You arrive through an unmarked gate in a stretch of Desert Hot Springs that gives you no reason to expect what’s behind it. No sign, just a guard booth in an unremarkable part of town. The gate lifts and you’re somewhere else entirely — 277 acres tucked against the foothills, the Little San Bernardinos behind you with snow still melting off the top.

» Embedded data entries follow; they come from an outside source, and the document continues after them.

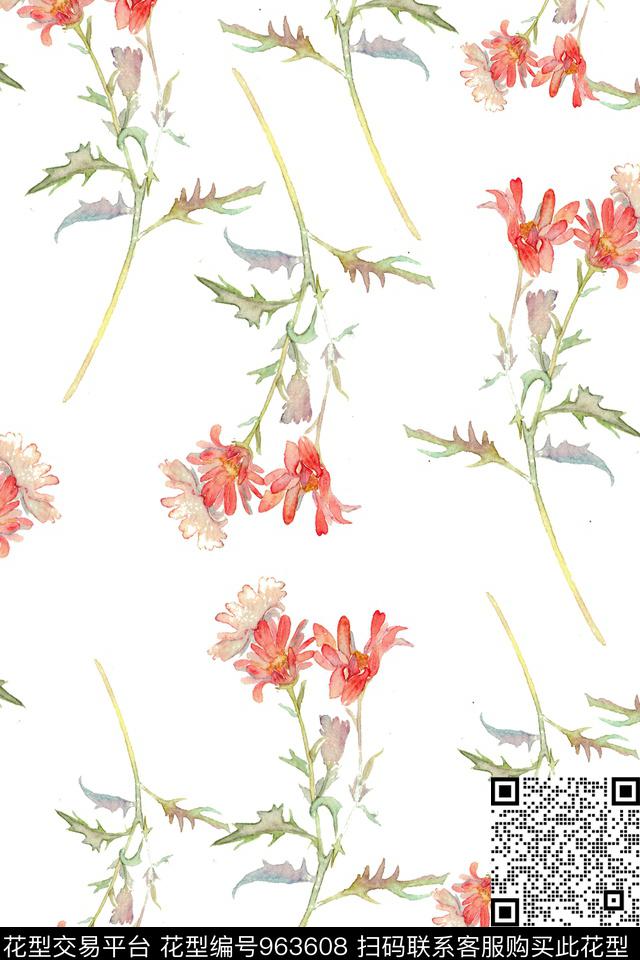 植物花卉ZARA数码印花华亿平台下载（图片编号: 963608） - 瓦栏（Walan）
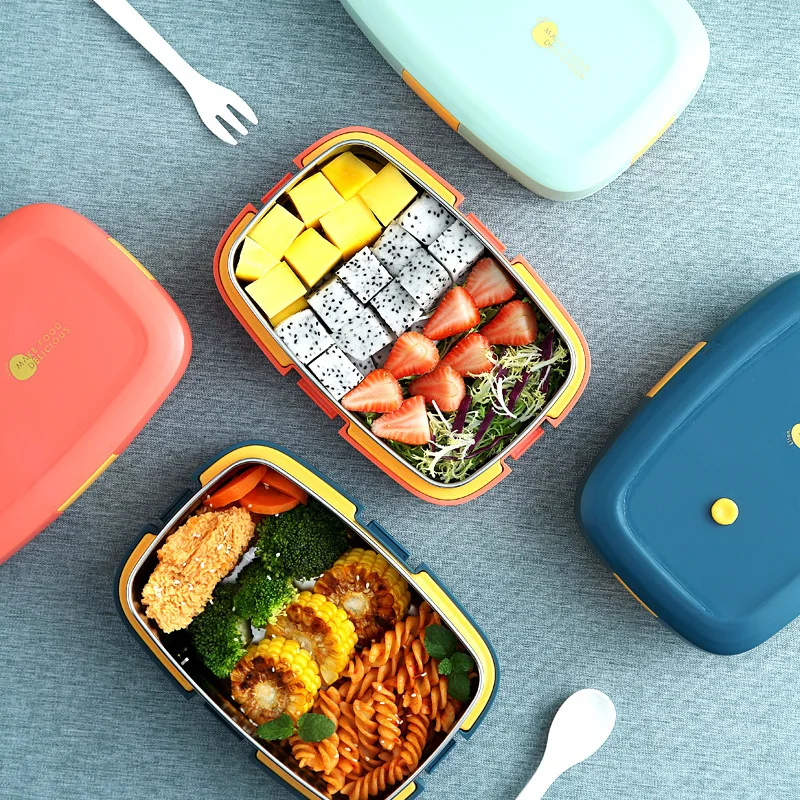 

NEW 304 Stainless Steel Lunch Box For Student School Leak-proof Bento Box Camping Picnic Box Storage Container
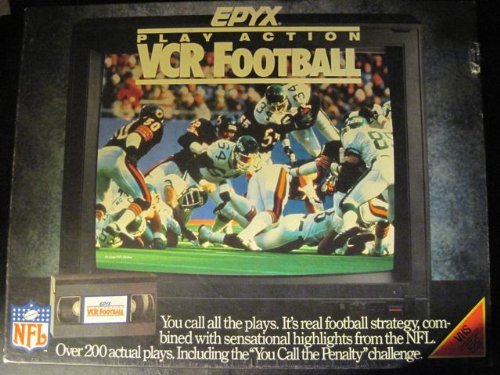 Play Action VCR Football Game - Classic Retro Sports Toy for Kids & Adults - Perfect for Family Game Nights & 90s Nostalgia Parties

The first thing I noticed was the landscaping. A palette of greens, creams, blues, grays, and yellows, with a sea of young Palo Verde trees in full bloom scattering pops of yellow across the paths. When I dug into it, I realized the grounds are the work of Terremoto, the LA landscape firm behind the Rome Compound.
They also designed the landscape for the new spa, which opened in 2023 alongside the spa buildings by Sharif, Lynch: Architecture, with interiors by Studio MAI. Native, a little wild, deeply site-specific. Both the landscape and the architecture feel like a lush anomaly against the surrounding terrain — a magical little pocket of the desert.
The architecture of the new spa buildings is the kind of thing I add to my vision board. A row of low, single-room pavilions threaded through the trees, each one built in board-formed concrete — a technique where the concrete is cast against rough-sawn timber planks so the wood's grain, knots, and seams are imprinted into the finished wall.
Le Corbusier coined the term béton brut, or "raw concrete", for this technique in the 1950s in Marseille; Tadao Ando later made it his signature. Here it's paired with heavy exposed timber lintels and full-height glass, and the effect lands somewhere between Scandinavian and Brutalist — warm where you'd expect cold, softened by the desert around it. A more organic Ando. Exactly how I'd build a cluster of micro-rooms in nature, if I ever got the chance.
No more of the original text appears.